> [EXERCISE REQUIREMENTS]: Using the data below, restate exactly every line from the one with "Папка на 4 кольцах" up to and including the one with "Steel Urinal Partition". No picture belongs in it.

Brief descriptive captions:
◇ ◇ ◇

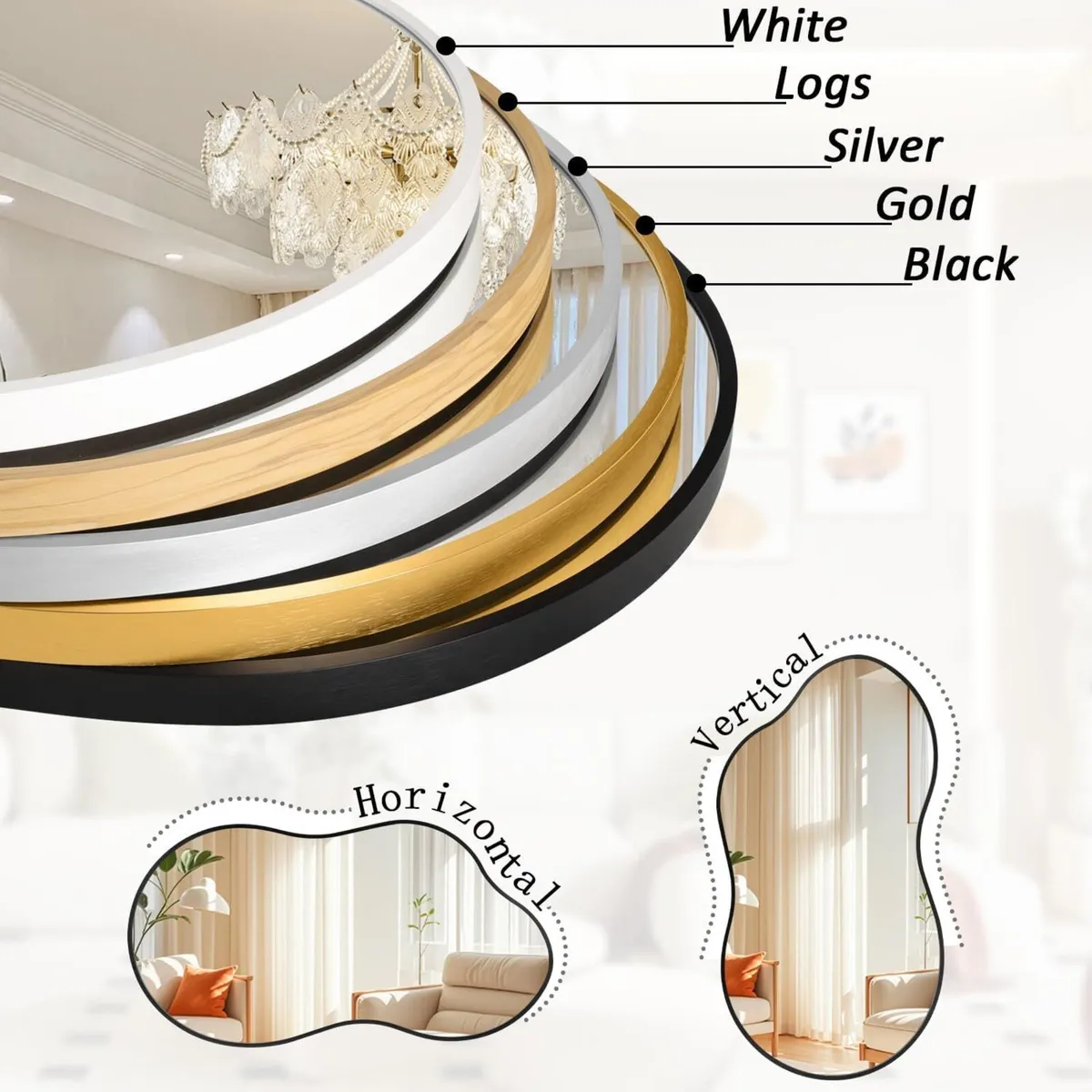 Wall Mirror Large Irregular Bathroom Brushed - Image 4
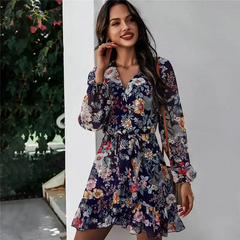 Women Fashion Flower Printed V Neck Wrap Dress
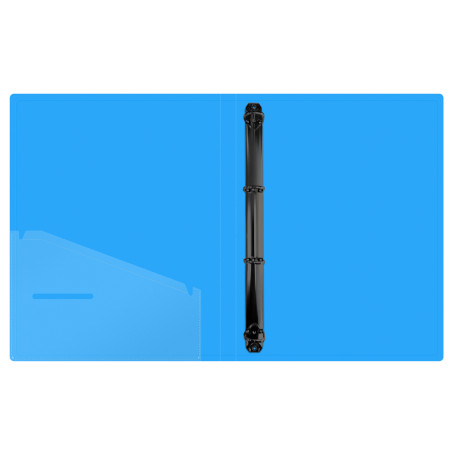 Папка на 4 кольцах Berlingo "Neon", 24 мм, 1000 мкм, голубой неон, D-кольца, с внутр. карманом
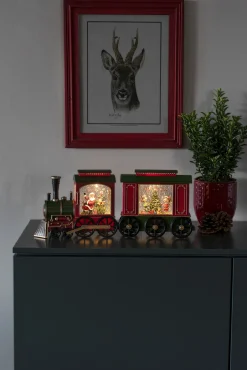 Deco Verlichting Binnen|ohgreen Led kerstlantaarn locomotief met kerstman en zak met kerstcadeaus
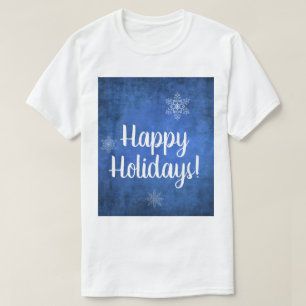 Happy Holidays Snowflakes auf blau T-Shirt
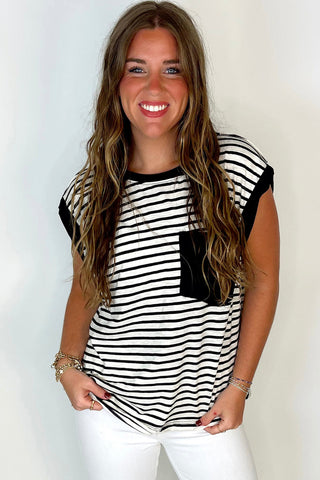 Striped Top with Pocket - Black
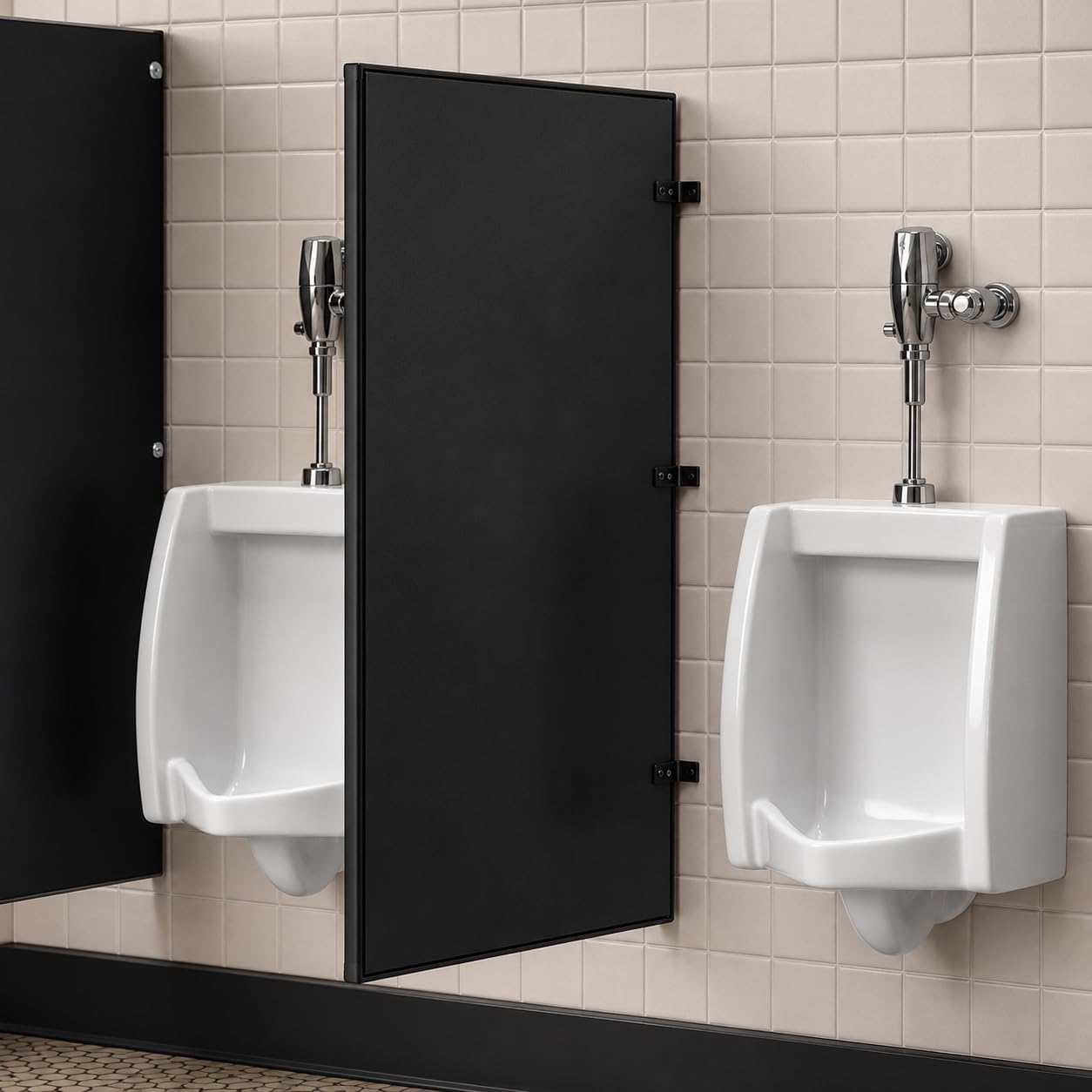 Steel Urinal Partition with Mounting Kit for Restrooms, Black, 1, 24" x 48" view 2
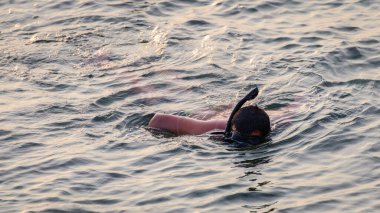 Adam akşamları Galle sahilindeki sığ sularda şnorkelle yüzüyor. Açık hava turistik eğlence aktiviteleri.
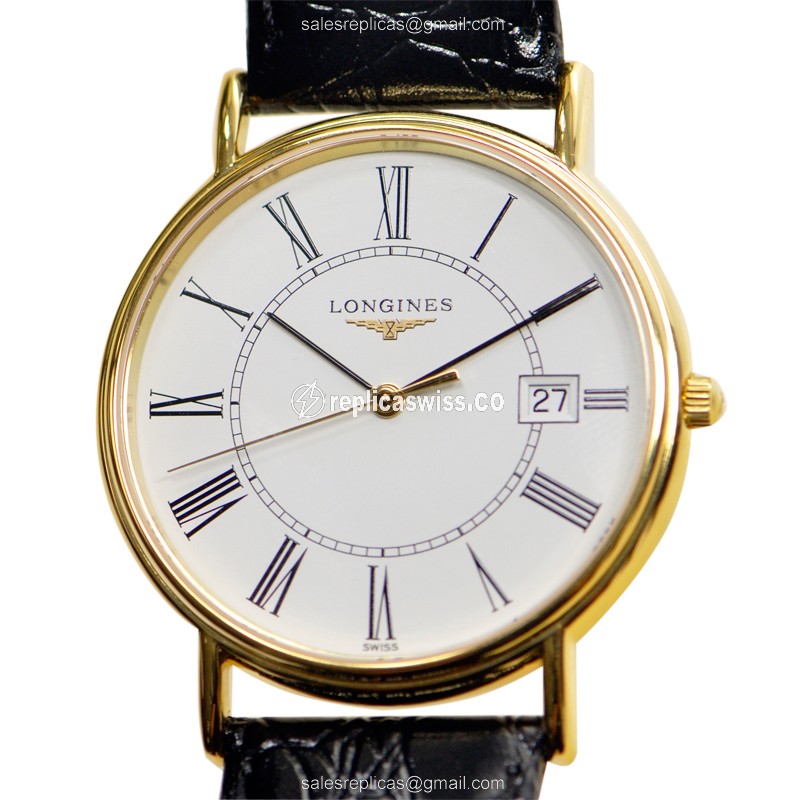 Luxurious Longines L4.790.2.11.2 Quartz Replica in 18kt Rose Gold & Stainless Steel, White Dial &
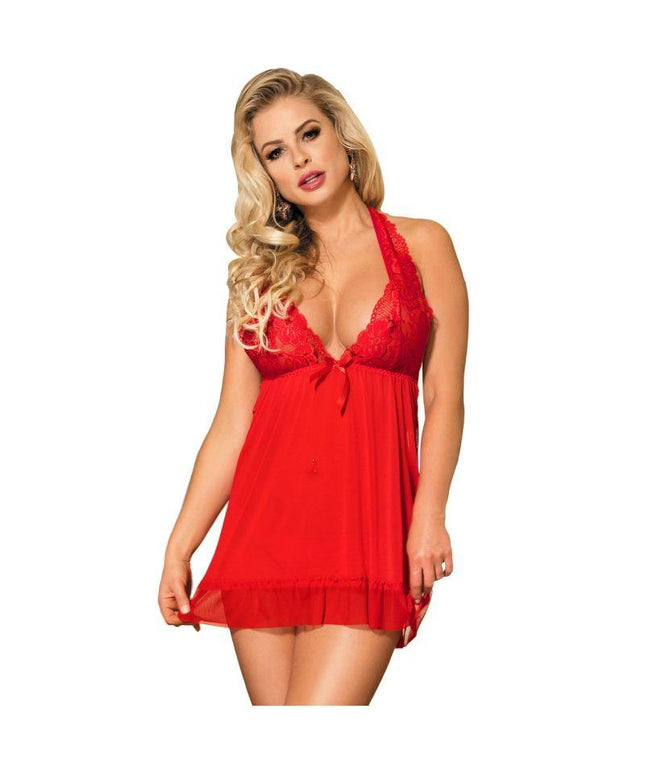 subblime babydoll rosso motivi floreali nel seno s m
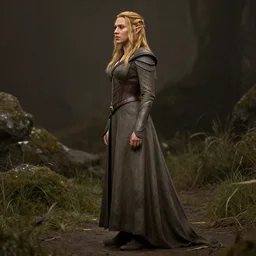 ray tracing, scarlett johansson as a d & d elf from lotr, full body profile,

◇ ◇ ◇

> [ANSWER BOX]:
 Папка на 4 кольцах Berlingo "Neon", 24 мм, 1000 мкм, голубой неон, D-кольца, с внутр. карманом
 Deco Verlichting Binnen|ohgreen Led kerstlantaarn locomotief met kerstman en zak met kerstcadeaus
 Happy Holidays Snowflakes auf blau T-Shirt
 Striped Top with Pocket - Black
 Steel Urinal Partition with Mounting Kit for Restrooms, Black, 1, 24" x 48" view 2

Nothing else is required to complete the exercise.